It’s also worth noting that improving contact isn’t always a good thing, as sometimes players achieve this by sacrificing their power. Tellez cut his K% nearly in half in 2020, but his Barrel% dropped from 13% to 8%. Riley’s barrel rate dropped from 14% to 10%. Only two players on this list didn’t lose their precious barrels: Bo Bichette and, you guessed it, Franchy Cordero. He maintained his strong career Barrel/BBE of 12%. Of course, that comes down to literally just 4 Barrels, but Barrel% is meaningful even in small sample sizes, and his Barrel/PA% of 10% ranked 32nd in baseball, one spot ahead of Bo.
While Cordero’s 2020 sample was certainly small, it’s been small every year. That’s because in San Diego he’d been blocked when he wasn’t hurt, and hurt when he wasn’t blocked. He doesn’t qualify as a rookie since he just barely passed the rookie threshold with 154 Plate Appearances in 2018. And sadly, that was his largest sample, with 99 PAs in 2017 and just 20 PAs in 2019. But piece them together and you’ll notice a trend.
K% | Contact% | O-Swing% | SwStr% | |
---|---|---|---|---|
2017 | 44% | 59% | 38% | 21% |
2018 | 36% | 65% | 32% | 17% |
2019 | 35% | 69% | 18% | 13% |
2020 | 10% | 81% | 28% | 10% |
It’s certainly not outrageous to surmise that even in small samples his discipline as well as contact ability are both trending in the right direction. The fact that his strikeout rate improvement is backed by strong per-pitch stats, which stabilize faster, and the per-pitch improvement in both contact% and O-Swing% over multiple years adds to its significance. A 28% O-Swing% is good, but there’s a reason it has me positively giddy.
The Sultan of Z-Swing%
A generally good approach to playing baseball well is to swing at strikes and not swing at balls. Franchy Cordero must agree with this statement. After all, he swung at strikes 85% of the time, which was 4th highest in the majors. One need not be a good hitter to do this: Billy Hamilton was 1st at Z-Swing%, which he accomplished by swinging at literally everything (and hitting it weakly).
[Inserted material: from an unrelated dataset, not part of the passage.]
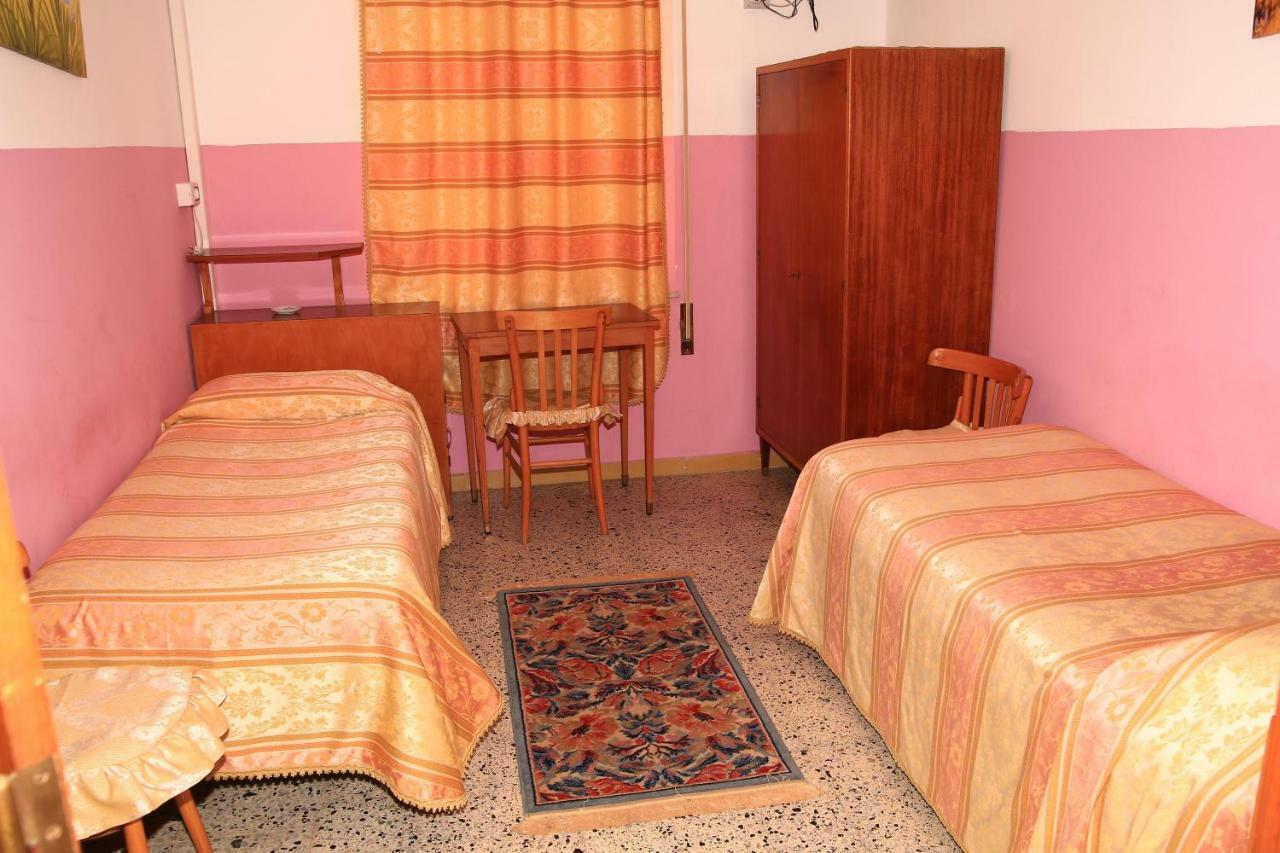 Hotel San Vincenzo 소베라토마리나 외부 사진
This does not describe Franchy, who ranks only 80th in overall swing rate. But anyway, I don’t like citing swing rate, as it doesn’t differentiate from swinging at strikes and balls. What’s much more telling is Franchy has the 4th-highest Z-Swing% and the 295th highest O-Swing%. Franchy isn’t a free swinger, he’s a Z-swinger.
In 2018, analyst Ariel Cohen created a plate discipline metric called mPDI to measure a player’s plate discipline, which had Joey Votto atop the leaderboard. Since he didn’t answer my DMs about Franchy Cordero, I created my own heuristic plate discipline stat, with blackjack and hookah.
That’s because my list favors more heavily more aggressive hitters who can lay off bat pitches, as opposed to the Cavan Biggio/David Fletcher types who have good discipline by just barely swinging. That’s because I’m looking not for players who are great at drawing walks, but those most likely to optimize their batted ball outcomes with high batting average on contact.
Z-Swing% | O-Swing% | Z-Sw% – O-Sw% | Z-Contact% | |
---|---|---|---|---|
Franchy Cordero | 85% | 28% | 57% | 93% |
Chris Taylor | 76% | 21% | 55% | 78% |
Freddie Freeman | 81% | 28% | 53% | 86% |
Corey Seager | 85% | 34% | 51% | 87% |
Jay Bruce | 84% | 33% | 51% | 84% |
Ozzie Albies | 85% | 36% | 49% | 85% |
Anthony Rendon | 68% | 21% | 47% | 94% |
Cavan Biggio | 63% | 16% | 47% | 84% |
Not even taking power or batted balls into the mix, no hitter in baseball beat the 2020 Franchy Cordero small sample’s Z-Swing% – O-Swing%, the ability to swing at strikes while avoiding chases. And that ignores the fact that of the players on the list, only Anthony Rendon had a higher Z-Contact%.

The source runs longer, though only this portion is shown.